Não há razão para aplicar nem um olhar em direção aos desmoronamentos, às cidades virando pó. O que importa é encontrar os olhos dela compulsivamente, prossegui-los durante o caos, a última coisa decente a ser feita, à beira do precipício.
Obter qualquer resposta por parte da moça que costuma fazer tudo em excesso é impossível, porque ela jamais se manifesta em palavras. Faz questão de que as suas ações demarquem terreno e envolva ternamente, a capa de veludo tão desejada durante a geada.
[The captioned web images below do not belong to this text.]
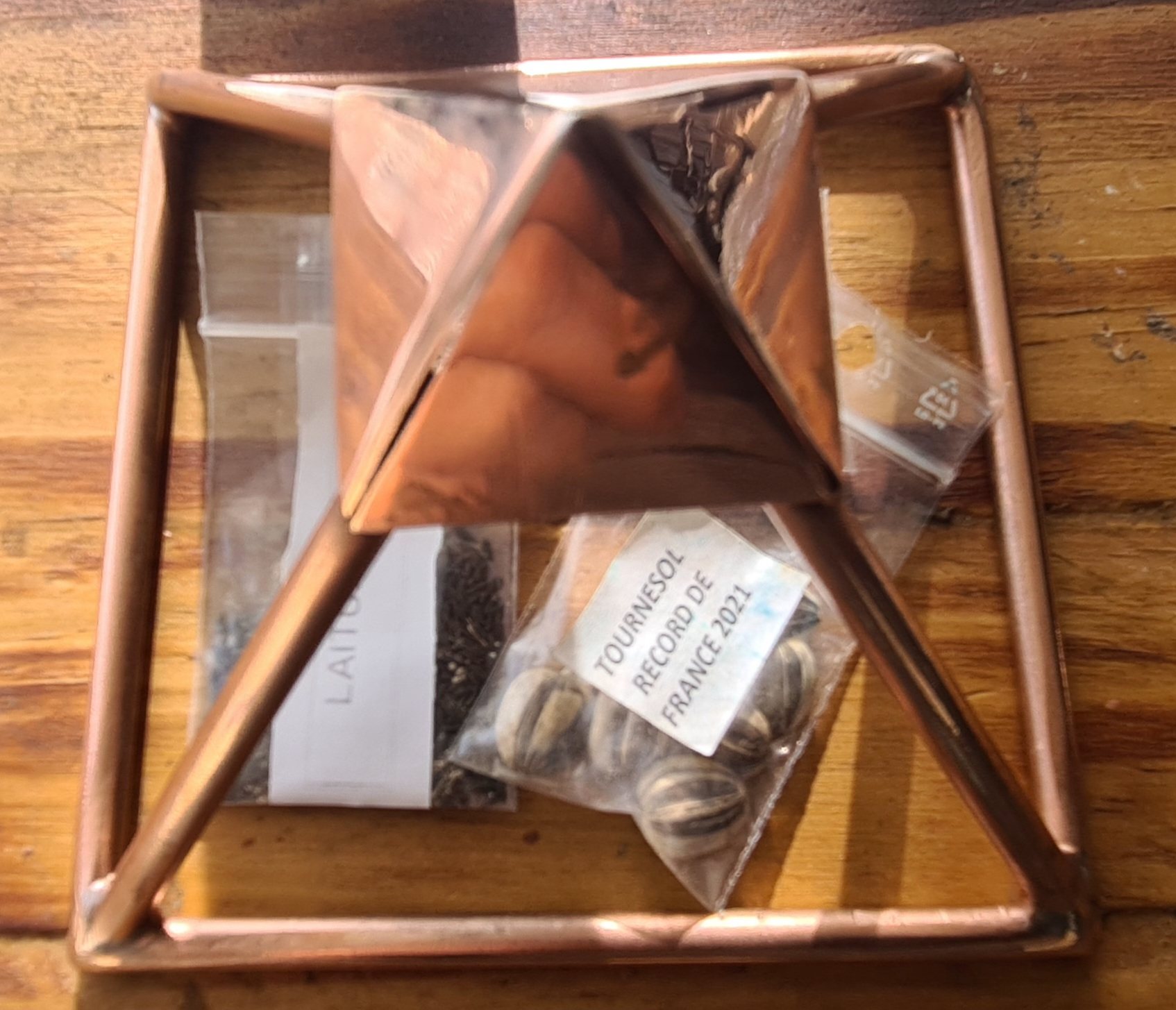 Fabrication et évolution des pyramides et accessoires BSA Concept — 2023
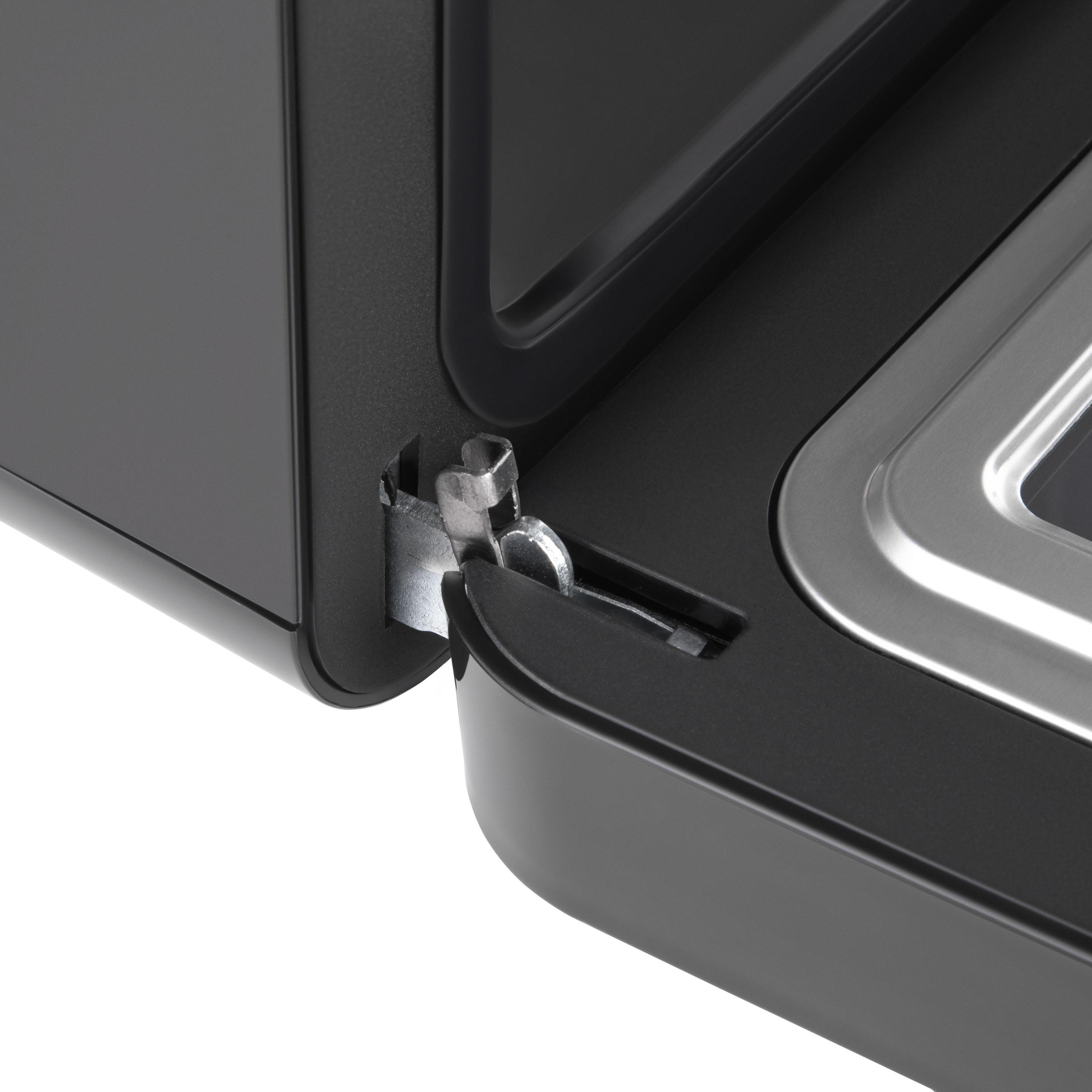 настольная мультипечь с вертелом и набором аксессуаров — мультипечь сенсорным управлением и LED дисплеем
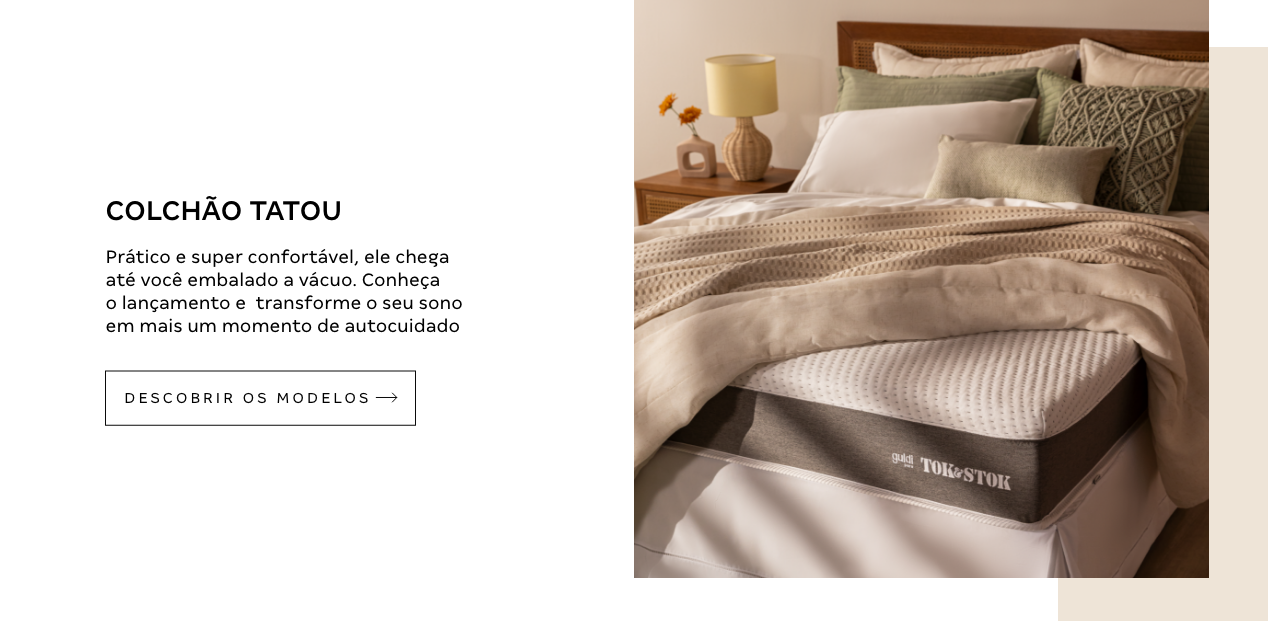 Colchões TATOU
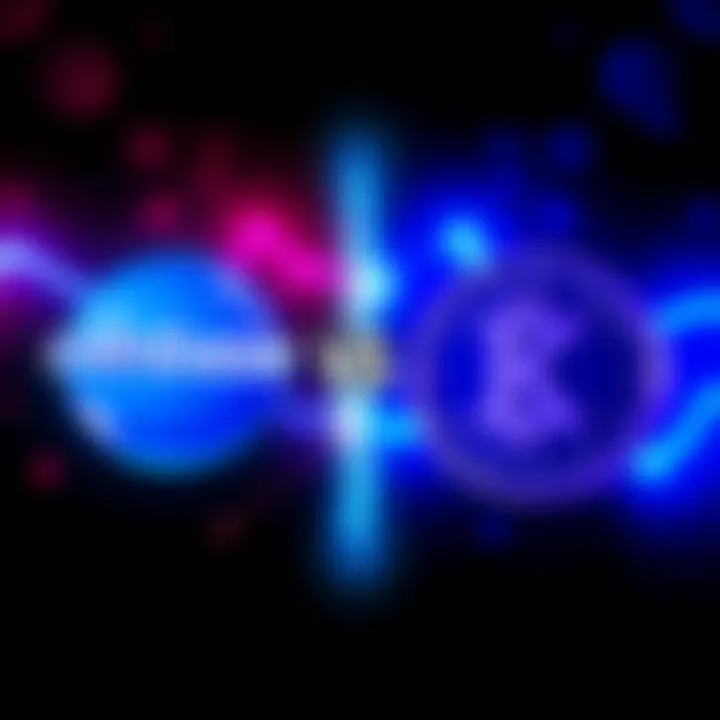 A side-by-side comparison of Coinbase and Kraken logos with Bitcoin symbols, representing UK Bitcoin investors' choice.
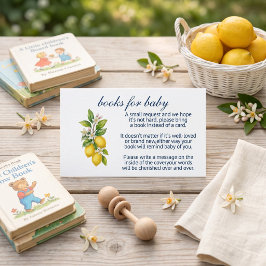 Ciao Baby Livros para Bebê Cartão de Inserção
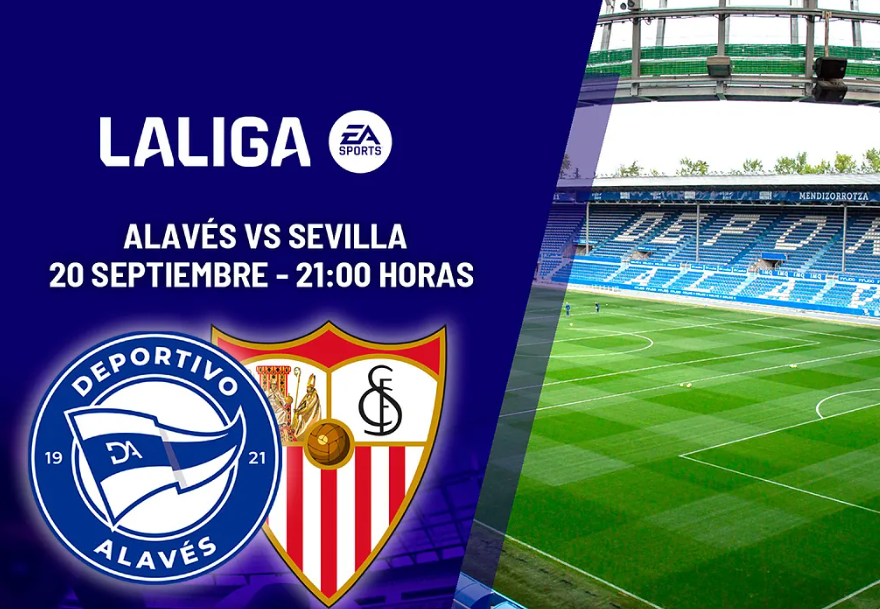 La Liga Preview: Alavés Unbeaten at Home, Sevilla Aims to Continue Last Round's Momentum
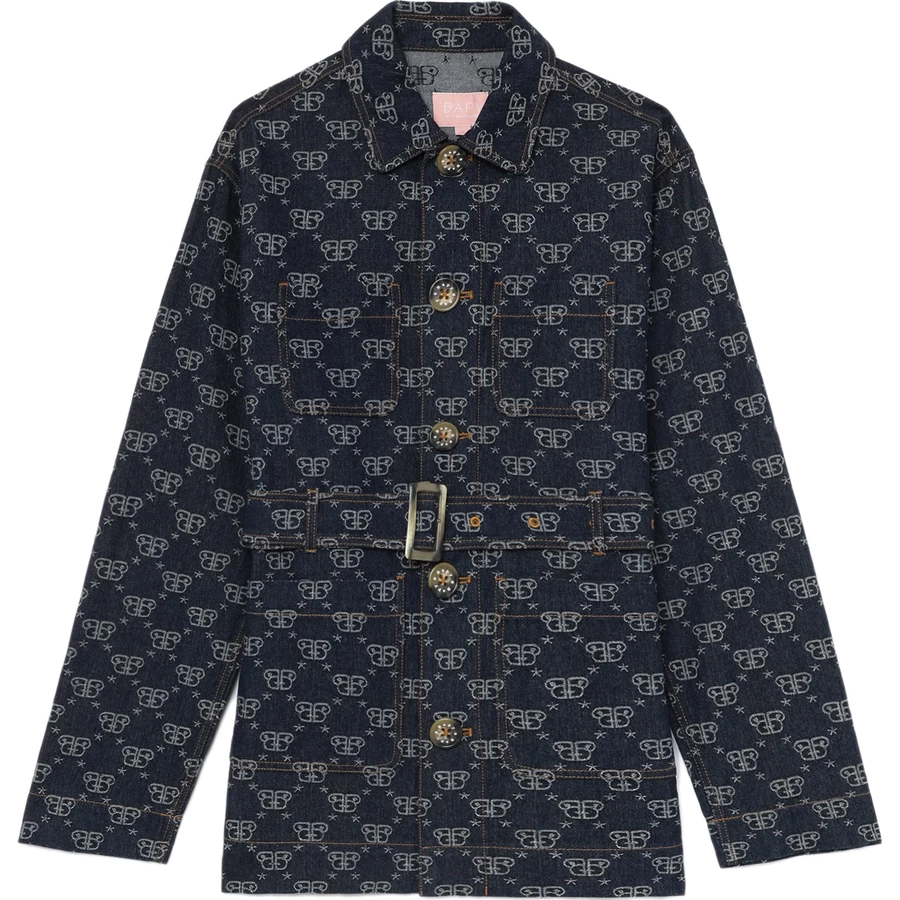 Bape BAPY MONOGRAM JACKET LADIES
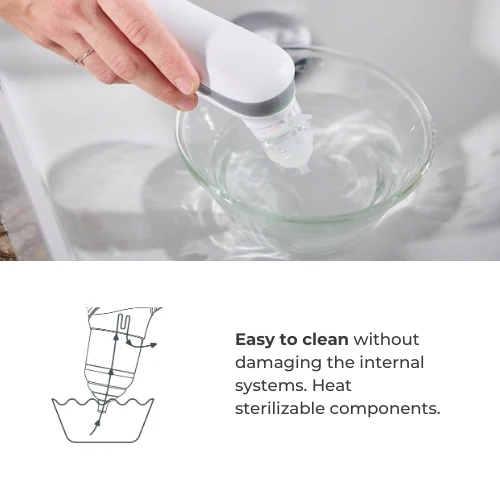 Nuvita Electric nasal aspirator with rechargeable battery - 2150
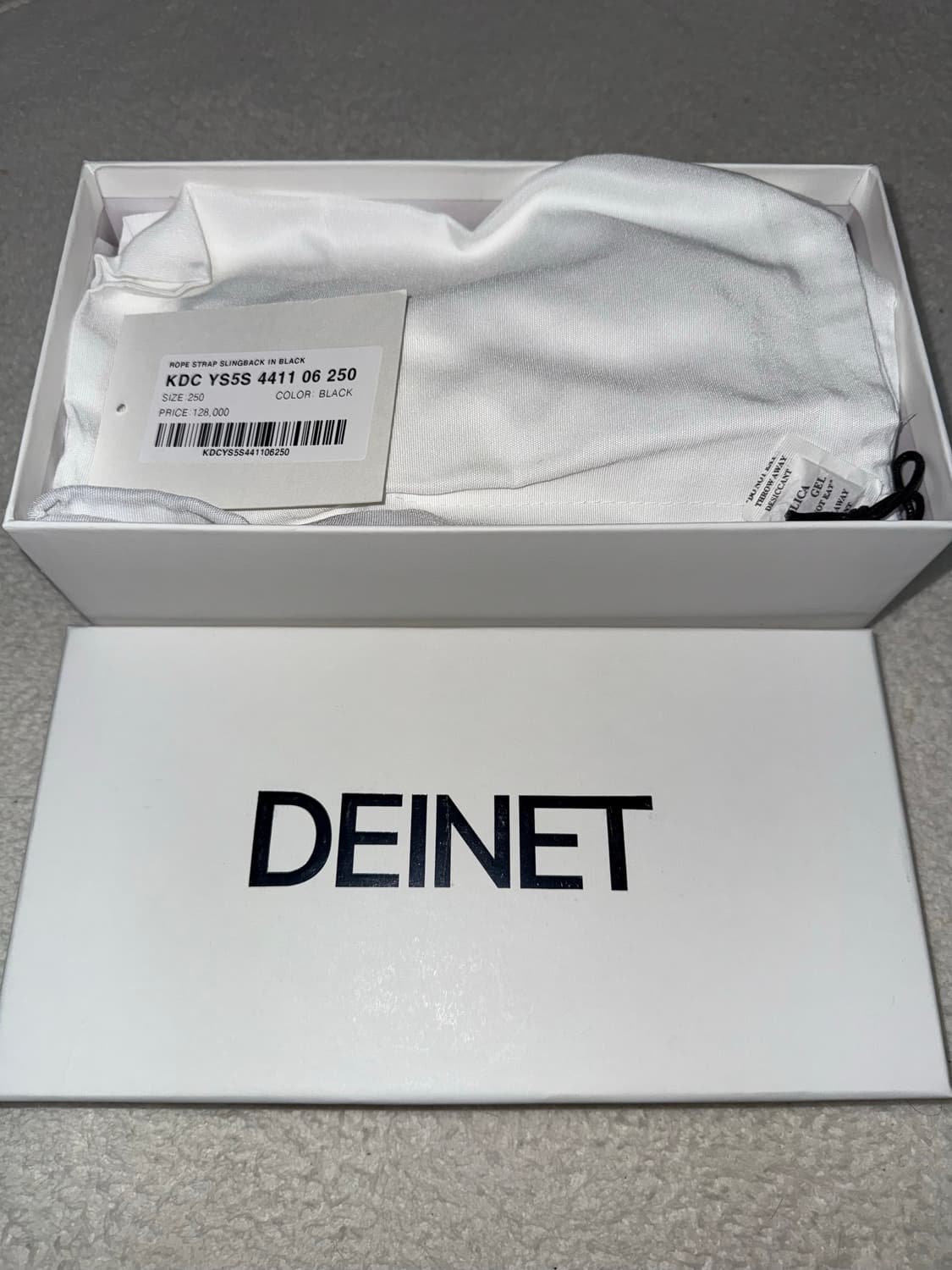 다이닛 슬링백 구두 새상품 250mm 상품이미지2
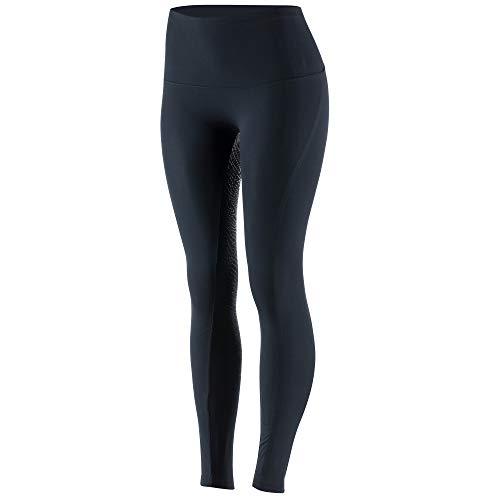 Horze Women's Bianca Full Seat Tights - Silicone Grip Full Seat Tights Horze Dark Navy US 26 (EU 38) 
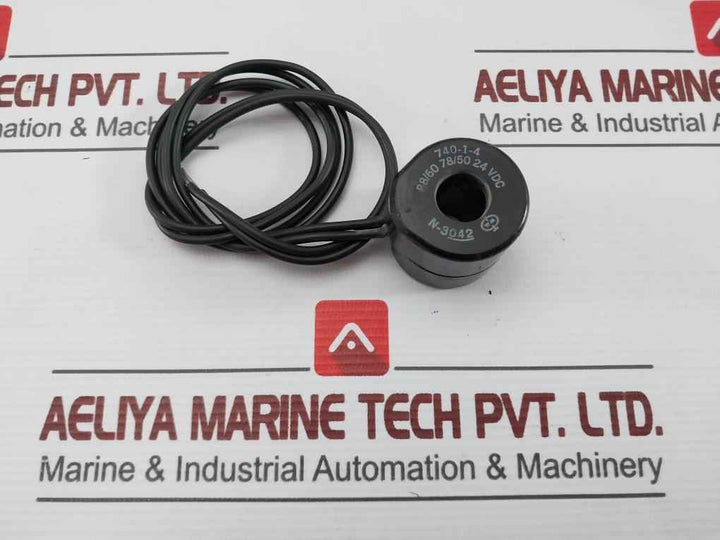 740-1-4 Solenoid Valve Coil 24Vdc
O método correto é não mexer um milímetro, não arredar pé, aconteça o que acontecer, fazê-la enxergar a você durante a temporada final, entre os vapores tóxicos de um mundo à deriva.
Em que situação estaria tão confortável para confrontá-la que não fosse essa, em que respostas não serão dadas, e as perguntas evaporarão ante os olhos, desnecessárias como palavras de alento impossíveis de ouvir, sob o bombardeio ininterrupto que ensurdece e espalha o terror, mesmo em quem não tem nada a perder.
Encontrar os olhos dela será uma vitória! A última luz antes da total escuridão, o último brilho sobre as cabeças dos derrotados, vítimas da inocência e da empáfia.
Ela que sempre fez de tudo, em excesso, e estava disposta a manter o poder a todo custo, se dignaria a oferecer o seu olhar profético em meio às tumbas e às flores murchas? O sol não irá raiar quando o suposto amanhecer chegar. O amanhecer não mais acontecerá durante a queda dos edifícios e a humanidade definhando como formigas.
Todo o poder que ela exerceu estava agora entre as frágeis mãos que se contorciam e o olhar divino o qual ela continuava a negar, a não ser que fosse para proferir um julgamento rápido e cruel, incontestável.
Sim, ela costumava fazer de tudo exageradamente. Era de se supor que assim seria quando decidisse acabar com tudo, retirando tudo o que jamais prometera, apenas insinuara, e desse modo mantivera o controle pelo tempo que achara necessário. Agora nunca mais.